The business of sending transactions on Ethereum

Published in

Coinmonks

11 min readDec 1, 2018

This post aims to be a guide to different techniques, patterns and mechanisms utilised for sending transactions across the Ethereum ecosystem. This aims to be an evolving resource as more techniques emerge and thus should be considered a work in progress.

Included in this admittedly broad topic are:

Introduction

Ethereum is an account based system. There are two types of account: Externally Owned Account and a Contract account. Both accounts have an associated address, nonce and balance. The contract account additionally has immutable code and storage associated. This is a good resource for a detailed explanation of the basics.

A transaction has the following fields:

nonce the count of the number of outgoing transactions, starting with 0
gasPrice the price to determine the amount of ether the transaction will cost
gasLimit the maximum gas that is allowed to be spent to process the transaction
to the account the transaction is sent to, if empty, the transaction will create a contract
value the amount of ether to send
data could be an arbitrary message or function call to a contract or code to create a contract

Crucially there is no from field, this is derived from the public-private key pair that signs the hash of the transaction, after the appropriate RLP encoding has been applied.

Gas Usage and GasToken

From a very removed perspective a blockchain can be described as a shared database. Each read and/or write costs gas in order to prevent spam attacks. More specifically each computation step costs gas in order to prevent the halting attack. The cost per opcode are outlined in the yellow paper. The cost per opcode is the subject of ongoing debate, as the community examines the possibility of introducing storage rent and even dynamic gas/opcode pricing.
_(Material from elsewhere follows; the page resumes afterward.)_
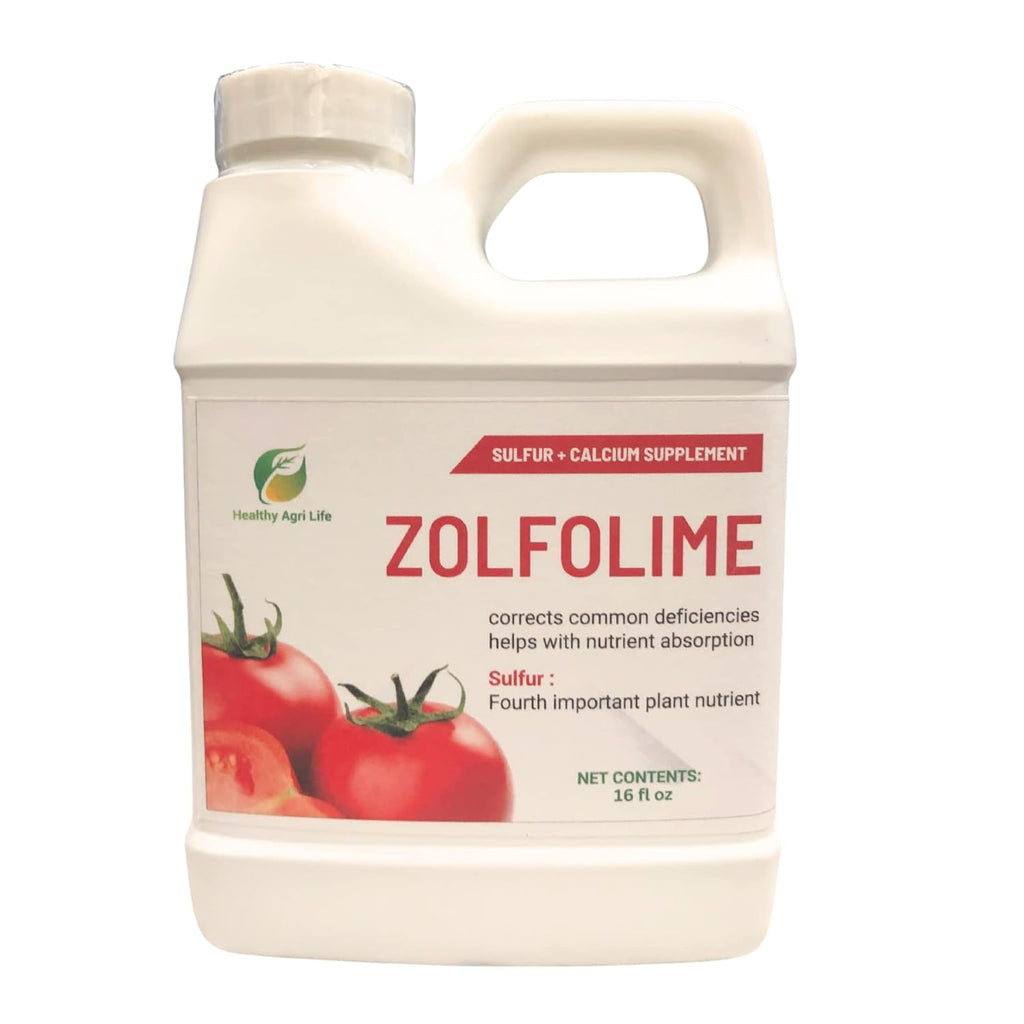 Sulfur Lawn and Plant Food Liquid Soil Conditioner S938112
Writing state can be very expensive, creating a new non-zero storage slot costs 20,000 gas, almost the same as the base transaction cost of 21,000 which facilitates a simple Ether transfer (data field above left blank). As an incentive to mitigate blockchain bloat, the Ethereum protocol refunds 10,000 gas for the deletion of old storage that is no longer required.

This refund can pay for up to half of the gas used by a contract transaction (simple transfer are not eligible for a refund, since they already use the minimum amount of gas; batched sends to contracts, however, can benefit from this refund mechanism). GasToken allows developers to take advantage of this in a simplistic and optimised way, by tokenizing gas — storing gas when it is cheap and using / deploying this gas when it is expensive.

Indeed there was recently a vulnerability discovered at a few exchanges with did not have gasLimit set appropriately. The attack was simple: request a withdrawal from an exchange, directing the transfer to a contract you (the attacker) have deployed which has a fallback function that mints new gasToken.

Metatransactions

Metatransactions are a sending pattern which allows the sender to sign a valid ethereum transaction and forward it off-chain to a relayer which is willing to pay for the associated gas costs, and propagates this signed transaction on the network.

Ethereum transaction wizards love abstraction

This is useful since the sender no longer has the requirement to keep Ether associated with a key pair, which has many benefits in terms of user experience. I have previously written about metatransactions and their affect on UX here.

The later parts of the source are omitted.